Para Adorno e Horkheimer, o esclarecimento era o ideal de propiciar à humanidade a sua maioridade, a libertação do medo mitológico e a emancipação pelo saber. Resumindo pode se dizer que “o programa do esclarecimento era o desencantamento do mundo”.2 Contudo, o casamento feliz entre o entendimento humano e a natureza só pode ser celebrado através da dominação. Isso porque a racionalidade expressa desde o princípio no seu funcionamento a lei da conservação.
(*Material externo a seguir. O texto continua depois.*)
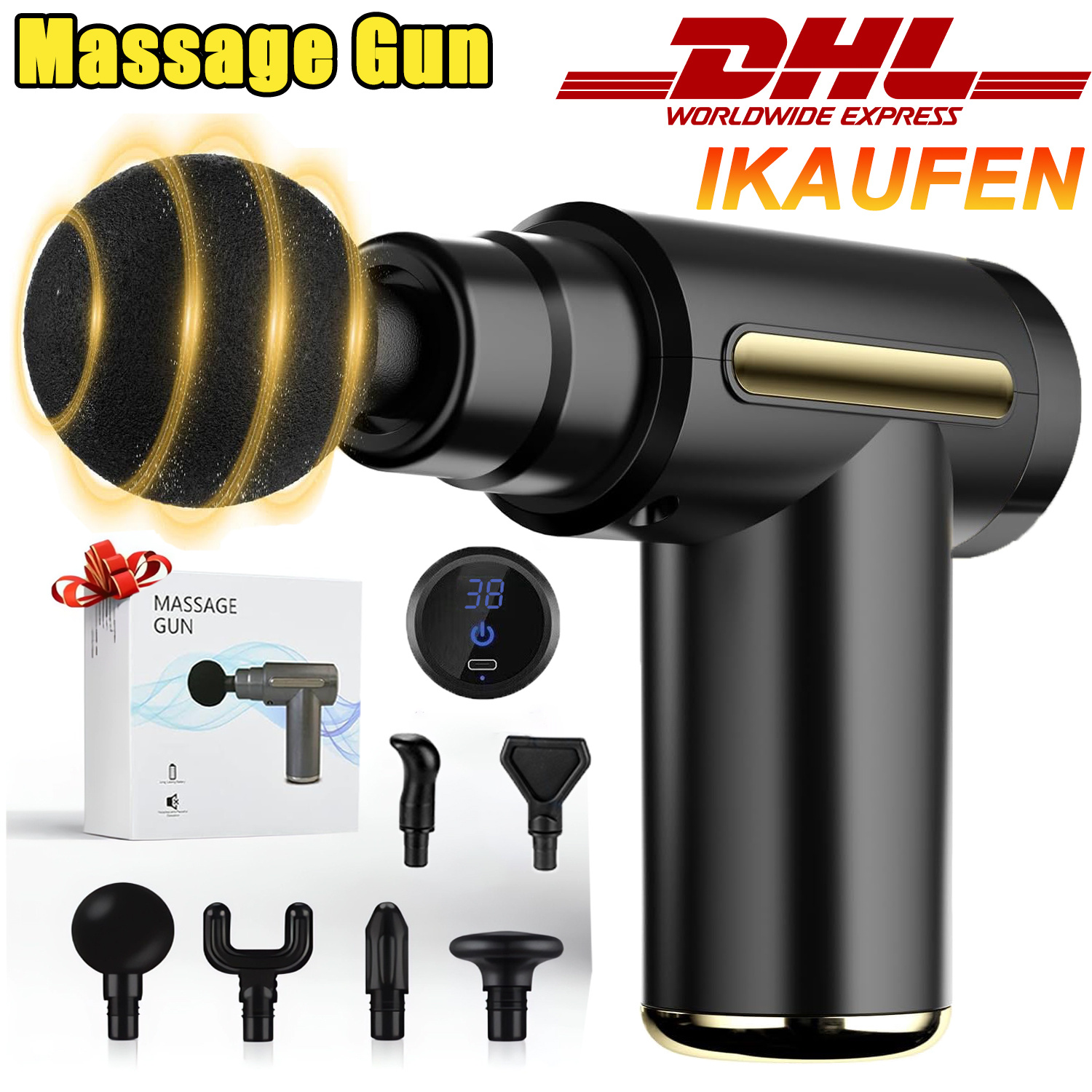 Image of Mini Massage Gun, Muscle Massager, Portable, 35 Db, With 6/38 , 4/ Heads, Usb C Charging Port, Massage Gun, Hand Massager For Leg, Neck, Shoulder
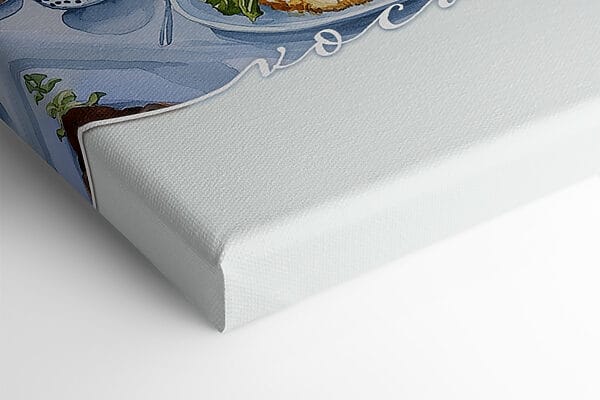 Tafel met eten door water Tafel met eten door water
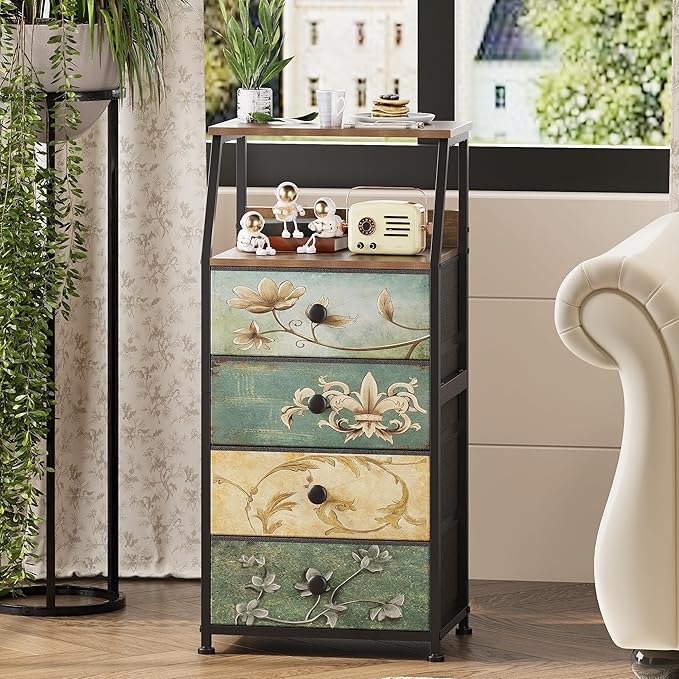 Tohomeor Dresser with Fabric Drawers Nightstand with 2 Tier Shelf Storage Tower for Bedroom Hallway Entryway Closet Organizer Sofa Beside Table Furniture (Multi, 4 Drawers)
O sistema visado pelo esclarecimento é a forma de conhecimento que lida com os fatos e mais eficazmente apoia o sujeito na dominação da natureza. Seus princípios são o da auto-conservação. A menoridade revela-se como a incapacidade de se conservar a si mesmo.3

Se a auto-preservação é o juízo a priori que a razão emite em toda a relação com o mundo empírico, todo o contato do homem com a natureza já é precedido pela intenção de dominar. Embora ambos não se remetam a Hobbes, compartilham a mesma identificação pessimista da essência natural humana. De certa forma, assim como o filósofo inglês identificava a causa da guerra na tentativa de dominar para antecipar o domínio, processo voltado para auto-conservação do sujeito, Adorno e Horkheimer determinam que, uma vez que a ciência permite a dominação da natureza, e o medo da menoridade significa a incapacidade de conservar a si mesmo, a necessidade de estender o domínio sobre toda a matéria se torna a consequência inevitável do esclarecimento.4

Não à toa, o esclarecimento coincidir no desenvolvimento da técnica, cuja mentalidade está resumida na máxima, saber é poder. O domínio da técnica, por sua vez, não contém em si o seu fim, mas está voltado como um instrumento para o fim que o homem lhe determina, que é, em suma, o domínio da natureza e o emprego dela para dominar os outros homens. Por causa da presença constante da dominação como objetivo humano, o racionalismo vê a tudo que não seja reduzível à calculabilidade e à utilidade como inimigos. O mito é rejeitado porque o “esclarecimento é totalitário”,5 ainda que a consciência mítica já contenha os princípios do esclarecimento. O mito contém as sutilezas teóricas para ambicionar a dominação da natureza, mesmo que seus métodos miméticos não sejam tão sofisticados. Adorno e Horkheimer encontram nas narrativas e práticas teológicas primitivas indícios desse imperativo, mas é na obra de Homero que analisarão mais detidamente essas nuances.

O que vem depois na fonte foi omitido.